Thursday, April 3, 2025

Crystal Hefner Says She Went To Therapy To “Deprogram” From “Toxic” Playboy Life With Hugh

“I’m realizing that it’s OK to … speak up and not be OK with some things that I’ve been through,” she said.

[imagesource:instagram/crystalhefner]

Crystal Hefner was just 21 years old when she met Hugh Hefner, aged 81, at one of the Playboy Mansion’s infamous parties.

After mere days of love bombing that made her feel like the be-all and end-all, Hugh asked her to move in with him (along with 18-year-old twin girlfriends, Karissa and Kristina Shannon), which led to marriage in 2012, when Crystal was 26.

Crystal is looking back on the 10-year relationship, revealing how she buried who she really was, lived with a 6PM curfew, couldn’t travel, and gave herself over to a “needy” man who she felt too guilty to leave, per The New York Post.

Despite being with Hef right until his death in 2017 (he was 91), Crystal, now 37, is only just coming to terms with the darker side of her life in the Playboy mansion.

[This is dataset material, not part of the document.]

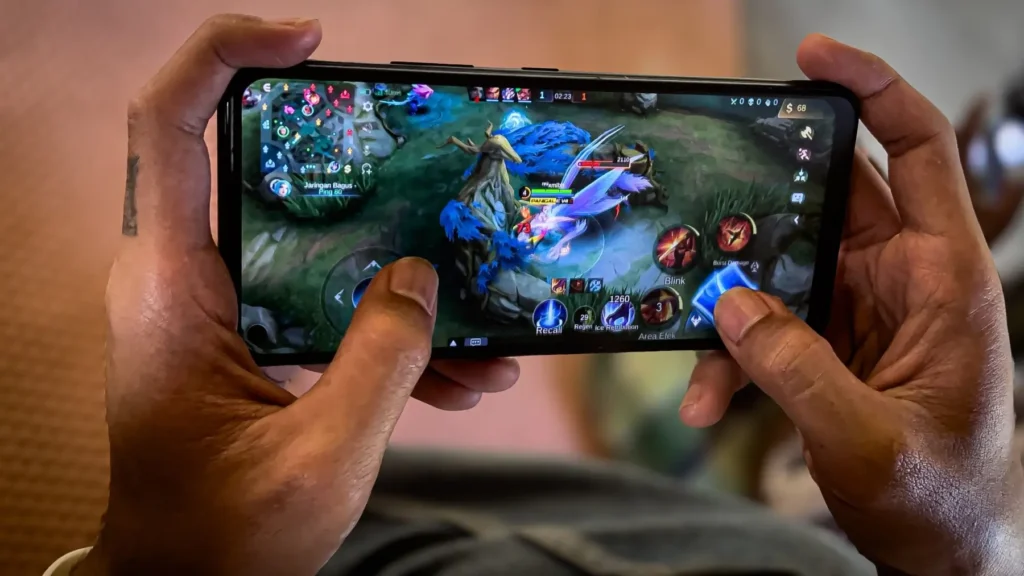 Hráč držící smartphone a hrající mobilní hru v reálném čase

She says it’s taken hours of therapy to “deprogram” from the “toxic” way she learned how to relate to men, sex, and her fellow girlfriends. To move on, she’s thrown away all but one of her “bunny girl” outfits, removed her 34D breast implants and spent the past year-and-a-half writing a memoir called Only Say Good Things.

“It’s called ‘Only Say Good Things’ because I [had] a conversation with Hef and he let me know: ‘Once I go, when I’m gone, please only say good things about me,’” Crystal told The Post.

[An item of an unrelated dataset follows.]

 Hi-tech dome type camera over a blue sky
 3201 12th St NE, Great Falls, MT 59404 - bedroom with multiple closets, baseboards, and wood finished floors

“I kept that promise for the last five years. After going through a lot of therapy and healing, I realized that I needed to be honest about my time there. The book is about healing from a toxic environment.”

When Crystal first arrived on the scene, she thought, “Wow, I finally belong somewhere and I’m important — by association, but I’m still important. Yeah, it feels good.”

It didn’t take long, though, before “the facade [and] everything kind of unraveled … Everyone was kissing an 80-year-old.”

In the bombshell docuseries Secrets of Playboy, Karissa compared sex with Hefner to rape and said she had an abortion after becoming pregnant by him at age 19.

His other long-time girlfriends, Holly Madison and Bridget Marquardt also reflected on their time at the mansion during a joint appearance on the Juicy Scoop podcast, saying that sex with Hef was largely unprotected, turn by turn, and pretty siff, actually.

Crystal says she realises now that she was in a coercive relationship:

“Hef loved the old movies where the women were just fainting and helpless, and they could do nothing without a man, and they asked a man for everything,” she said, adding that she was “rewarded for being the helpless damsel.”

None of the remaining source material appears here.